What's going on? Doesn't Stockfish take into consideration closed positions at all?

Rewan Demontay
  • 16,942
  • 4
  • 65
  • 109
William Kinaan
  • 347
  • 2
  • 8
  • 7
    There are lots of positions that Stockfish doesn't evaluate correctly (including some common endgames). – Qudit Jul 08 '19 at 01:11
  • 11
    Happens all the time! It's a piece of software, not a God – David Jul 08 '19 at 08:43
  • 4
    It would make me quite happy to see a scenario in a similar vein that's assessed completely wrong by AlphaZero or Leela Zero! – leftaroundabout Jul 08 '19 at 10:17
  • Stockfish certainly sees the position after 1.Ba4+ Kxa4 2.b3+ Kb5 3.c4+ Kc6 4.d5+ Kd7 5.e6+ any 6.f5. It's only eleven ply.

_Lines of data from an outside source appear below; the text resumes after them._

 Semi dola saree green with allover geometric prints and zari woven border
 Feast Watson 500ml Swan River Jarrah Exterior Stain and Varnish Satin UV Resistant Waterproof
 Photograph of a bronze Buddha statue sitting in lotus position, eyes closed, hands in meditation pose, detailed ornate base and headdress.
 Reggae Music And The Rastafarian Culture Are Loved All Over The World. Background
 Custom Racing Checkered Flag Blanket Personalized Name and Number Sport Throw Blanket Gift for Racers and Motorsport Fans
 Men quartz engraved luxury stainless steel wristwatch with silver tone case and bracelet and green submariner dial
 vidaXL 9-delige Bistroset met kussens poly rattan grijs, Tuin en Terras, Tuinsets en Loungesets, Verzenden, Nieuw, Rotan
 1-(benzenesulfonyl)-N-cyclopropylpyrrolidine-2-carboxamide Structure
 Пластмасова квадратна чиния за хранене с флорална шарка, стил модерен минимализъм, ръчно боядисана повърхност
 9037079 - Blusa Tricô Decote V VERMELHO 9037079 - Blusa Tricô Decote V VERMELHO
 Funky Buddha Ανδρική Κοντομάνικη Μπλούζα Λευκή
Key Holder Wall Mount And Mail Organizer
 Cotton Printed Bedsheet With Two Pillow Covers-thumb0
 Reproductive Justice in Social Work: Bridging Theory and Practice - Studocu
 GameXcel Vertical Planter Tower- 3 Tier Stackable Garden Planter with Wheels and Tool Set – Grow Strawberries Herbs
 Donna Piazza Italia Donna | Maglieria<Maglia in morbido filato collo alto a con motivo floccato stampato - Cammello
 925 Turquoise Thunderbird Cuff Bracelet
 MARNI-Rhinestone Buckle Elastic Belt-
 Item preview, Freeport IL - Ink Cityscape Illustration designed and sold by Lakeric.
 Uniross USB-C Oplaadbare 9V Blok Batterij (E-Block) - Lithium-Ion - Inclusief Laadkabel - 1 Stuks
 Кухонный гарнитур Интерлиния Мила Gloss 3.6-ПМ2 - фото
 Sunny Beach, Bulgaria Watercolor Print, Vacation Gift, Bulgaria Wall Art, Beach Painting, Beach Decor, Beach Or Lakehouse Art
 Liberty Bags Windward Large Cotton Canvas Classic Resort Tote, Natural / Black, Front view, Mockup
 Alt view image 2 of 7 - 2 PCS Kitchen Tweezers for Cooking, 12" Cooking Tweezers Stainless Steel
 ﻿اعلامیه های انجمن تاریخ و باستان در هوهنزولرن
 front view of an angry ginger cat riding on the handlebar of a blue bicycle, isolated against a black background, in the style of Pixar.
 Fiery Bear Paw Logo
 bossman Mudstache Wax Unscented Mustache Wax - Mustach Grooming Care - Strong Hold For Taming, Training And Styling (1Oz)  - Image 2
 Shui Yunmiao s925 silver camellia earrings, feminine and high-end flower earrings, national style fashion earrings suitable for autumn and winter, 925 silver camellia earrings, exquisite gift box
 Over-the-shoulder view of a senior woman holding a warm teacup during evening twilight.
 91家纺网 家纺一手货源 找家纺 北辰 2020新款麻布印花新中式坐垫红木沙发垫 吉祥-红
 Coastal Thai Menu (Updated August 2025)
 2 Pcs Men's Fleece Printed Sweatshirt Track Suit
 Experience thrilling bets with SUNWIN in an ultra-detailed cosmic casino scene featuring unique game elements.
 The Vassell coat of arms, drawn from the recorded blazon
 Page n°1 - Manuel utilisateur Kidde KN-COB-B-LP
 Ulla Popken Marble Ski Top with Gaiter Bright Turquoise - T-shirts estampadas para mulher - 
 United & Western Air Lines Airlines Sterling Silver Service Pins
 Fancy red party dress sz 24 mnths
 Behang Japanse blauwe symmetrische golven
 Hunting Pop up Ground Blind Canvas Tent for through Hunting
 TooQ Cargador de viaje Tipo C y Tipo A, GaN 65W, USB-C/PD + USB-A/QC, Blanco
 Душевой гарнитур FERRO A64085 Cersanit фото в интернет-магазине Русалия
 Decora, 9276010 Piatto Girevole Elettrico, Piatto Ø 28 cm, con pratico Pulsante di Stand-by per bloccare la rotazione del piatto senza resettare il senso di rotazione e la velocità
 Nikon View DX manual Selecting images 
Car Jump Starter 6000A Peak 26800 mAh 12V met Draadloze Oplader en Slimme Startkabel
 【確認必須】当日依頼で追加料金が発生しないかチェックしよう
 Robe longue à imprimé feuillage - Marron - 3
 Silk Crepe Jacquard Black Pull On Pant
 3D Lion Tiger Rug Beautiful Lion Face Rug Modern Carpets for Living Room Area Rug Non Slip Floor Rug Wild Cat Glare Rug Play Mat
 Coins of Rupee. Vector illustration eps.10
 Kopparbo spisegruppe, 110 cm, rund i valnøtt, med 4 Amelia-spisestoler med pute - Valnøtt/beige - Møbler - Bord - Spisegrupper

So the real question is: why doesn't Stockfish see that the position after 6.f5 is a draw? – TonyK Jul 08 '19 at 18:39
  • @TonyK That's because Stockfish doesn't understand that black can never break through. It just sees that it is down a ton of material. Stockfish evaluations are based on calculation. It doesn't understand that the pawn structure is locked and material doesn't matter. – Qudit Jul 08 '19 at 18:44
  • 1
    @Qudit: Yes. I was just pointing out that the question should focus on precisely this aspect, rather than starting from the position as given. Sorry if I didn't make that clear. – TonyK Jul 08 '19 at 19:06
  • Hmm my local installation of stockfish 10 is giving me e5f6 on same depth. wonder what is the source of the difference – OganM Jul 08 '19 at 20:34
  • 3
    @leftaroundabout Leela misevaluates fortresses all the time as well, see e.g. the end of this game from the TCEC Sufi: https://cd.tcecbeta.club/archive.html?season=15&div=sf&game=31. In fact arguably Leela misevaluates even more than Stockfish, since quite often it will have some nonzero eval while Stockfish stoically displays 0.00, and it takes ages before Leela realizes the opponent is not letting it win. – Allure Jul 09 '19 at 01:05
  • Rule of thumb: If Stockfish doesn't change the evaluation score *at all* for 10-20+ moves (in this case staying at exactly -18.1), it has most likely found a fortress. – Annatar Jul 09 '19 at 14:03
  • I find this laughable. You are getting all upset about a program rated 3450, 600+ points higher than the best human player the world has ever seen, because it cannot see a draw in a position that would never occur in real life. – Randy Minder Jul 11 '19 at 21:04

3 Answers3

27

Stockfish isn't a perfect chess-playing entity, and you've found a position where it's unable to tell is a draw (at least until the 50 move rule kicks in and helps it prune). These positions are called "fortresses". You can tell this is happening because even if you input the solution, Stockfish still evaluates the final position as -10 or more. These fortress positions where Stockfish is dead wrong are few and far between, but they exist, and this is one of them.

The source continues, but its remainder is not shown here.